Problem requirements: In the entries below, find the line with "2.80 crore received" and the line with "<p>2013 FORD TRANSIT 125 T260 FWD</p>". Print those two and everything between them exactly, and nothing else.
Task inputs: Begin
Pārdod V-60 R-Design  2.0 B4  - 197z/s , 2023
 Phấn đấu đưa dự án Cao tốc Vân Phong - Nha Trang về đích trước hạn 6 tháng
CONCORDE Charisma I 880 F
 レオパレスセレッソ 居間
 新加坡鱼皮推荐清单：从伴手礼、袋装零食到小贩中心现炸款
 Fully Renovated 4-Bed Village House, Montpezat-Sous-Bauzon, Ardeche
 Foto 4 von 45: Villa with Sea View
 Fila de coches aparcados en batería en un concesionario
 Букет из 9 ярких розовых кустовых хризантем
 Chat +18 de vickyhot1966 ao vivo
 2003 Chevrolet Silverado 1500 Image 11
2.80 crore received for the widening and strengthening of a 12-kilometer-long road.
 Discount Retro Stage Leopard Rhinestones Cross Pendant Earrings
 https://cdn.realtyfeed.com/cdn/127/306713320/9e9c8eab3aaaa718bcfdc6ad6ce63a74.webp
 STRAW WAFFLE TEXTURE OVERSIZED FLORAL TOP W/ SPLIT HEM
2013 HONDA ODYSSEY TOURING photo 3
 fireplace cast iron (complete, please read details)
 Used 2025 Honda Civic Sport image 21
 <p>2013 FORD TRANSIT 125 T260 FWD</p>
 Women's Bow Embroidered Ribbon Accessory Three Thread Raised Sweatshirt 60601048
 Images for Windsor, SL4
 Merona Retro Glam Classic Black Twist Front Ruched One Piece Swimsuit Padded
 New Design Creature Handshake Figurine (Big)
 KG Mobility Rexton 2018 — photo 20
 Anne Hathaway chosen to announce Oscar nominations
Task inputs: End
Answer to this problem:
2.80 crore received for the widening and strengthening of a 12-kilometer-long road.
 Discount Retro Stage Leopard Rhinestones Cross Pendant Earrings
 https://cdn.realtyfeed.com/cdn/127/306713320/9e9c8eab3aaaa718bcfdc6ad6ce63a74.webp
 STRAW WAFFLE TEXTURE OVERSIZED FLORAL TOP W/ SPLIT HEM
2013 HONDA ODYSSEY TOURING photo 3
 fireplace cast iron (complete, please read details)
 Used 2025 Honda Civic Sport image 21
 <p>2013 FORD TRANSIT 125 T260 FWD</p>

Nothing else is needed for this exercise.